Phase 1 — Logical Removal
- Traverse and store path in stack.
- Decrement frequency.
- If frequency > 0 → stop.
- Else mark
is_word = False.
Phase 2 — Structural Pruning
Walk upward using the stack. At each node, if the node has children OR node.is_word then stop, else remove node from parent
autocomplete(prefix)
- Navigate to prefix node. Traverse characters. If missing → return
[]. - Traverse subtree. BFS/DFS from prefix node. For each terminal node, treat as candidate word.
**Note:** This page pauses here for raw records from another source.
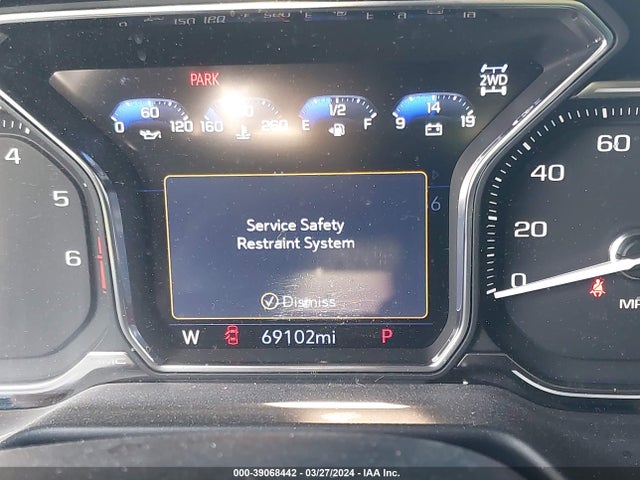 GMC Yukon 4wd Slt 2021 1GKS2BKDXMR292342 Image 16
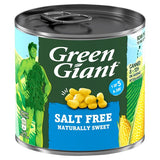 Green Giant Salt Free Sweetcorn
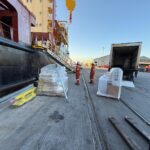 Ocean Quest: Maritime Supplies and Logistics Services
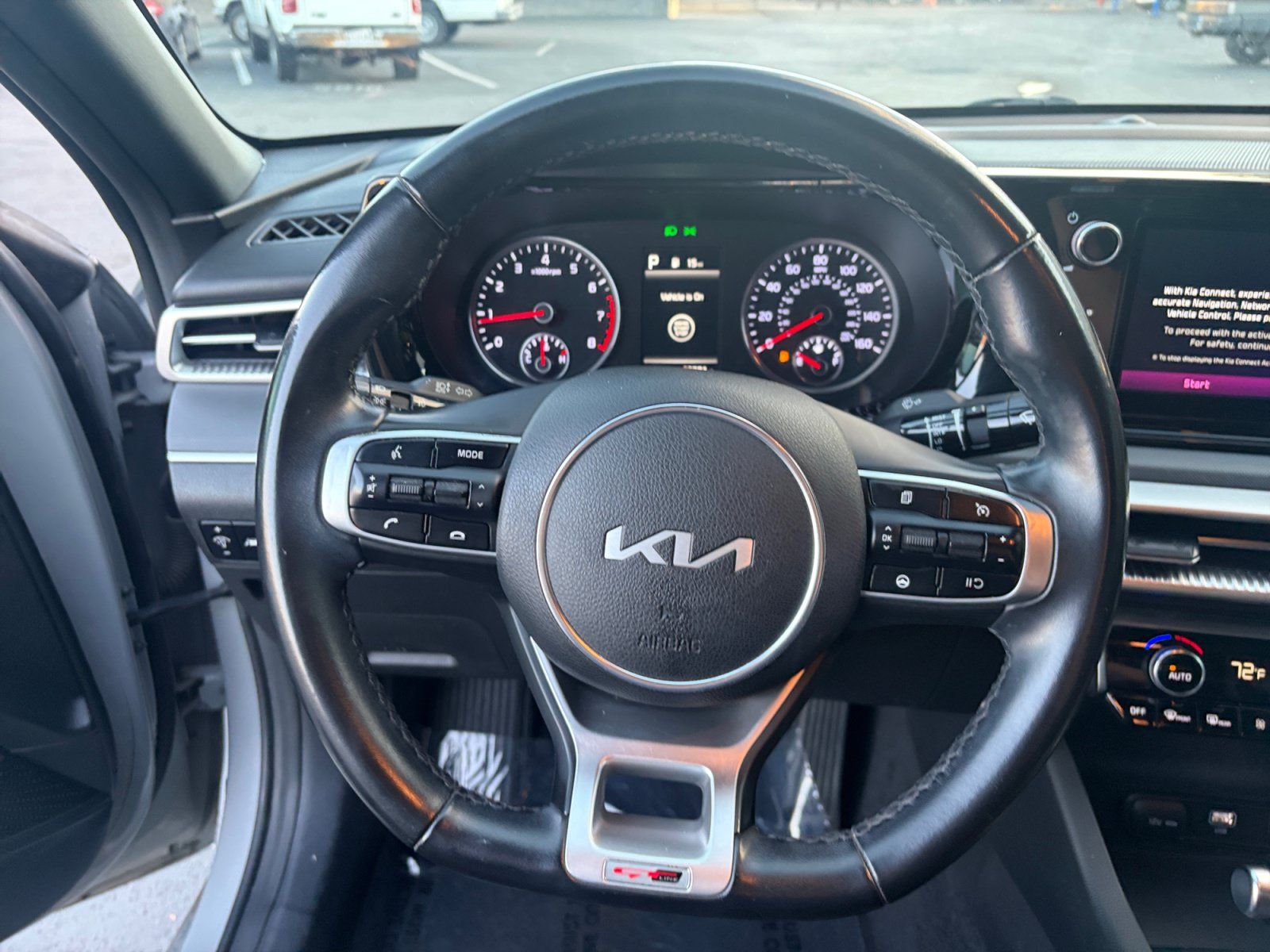 Used 2022 Kia K5 GT-Line AWD/4WD image 9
- Maintain top-k (min-heap). Keep heap of size ≤ k storing (frequency, word).
Implementation (Python)
from collections import deque
import heapq
class Node:
def __init__(self):
self.children: dict[str, "Node"] = {}
self.is_word = False
self.frequency = 0
def add_child(self, name: str) -> "Node":
if name not in self.children:
self.children[name] = Node()
return self.children[name]
class Trie:
def __init__(self) -> None:
self.root = Node()
def insert(self, word: str):
current = self.root
for ch in word:
current = current.add_child(ch)
current.is_word = True
current.frequency += 1
def delete(self, word: str):
stack: list[tuple[Node, str]] = []
current = self.root
for ch in word:
if ch not in current.children:
return
stack.append((current, ch))
current = current.children[ch]
if not current.is_word:
return
current.frequency -= 1
if current.frequency > 0:
return
current.is_word = False
while stack:
parent, ch = stack.pop()
node = parent.children[ch]
if node.children or node.is_word:
break
del parent.children[ch]
def auto_complete(self, prefix: str, k: int = 10):
current = self.root
for ch in prefix:
if ch not in current.children:
return []
current = current.children[ch]
heap = []
queue = deque([(current, prefix)])
while queue:
node, acc = queue.popleft()
if node.is_word:
if len(heap) < k:
heapq.heappush(heap, (node.frequency, acc))
elif node.frequency > heap[0][0]:
heapq.heappop(heap)
heapq.heappush(heap, (node.frequency, acc))
for key, val in node.children.items():
queue.append((val, acc + key))
result = []
while heap:
result.append(heapq.heappop(heap)[1])
return result[::-1]
Tradeoffs
This design:
- Minimizes memory overhead
- Optimizes insert/delete
- Computes ranking lazily
But:
- Autocomplete cost grows with subtree size
- No caching
- Not optimal for heavy read workloads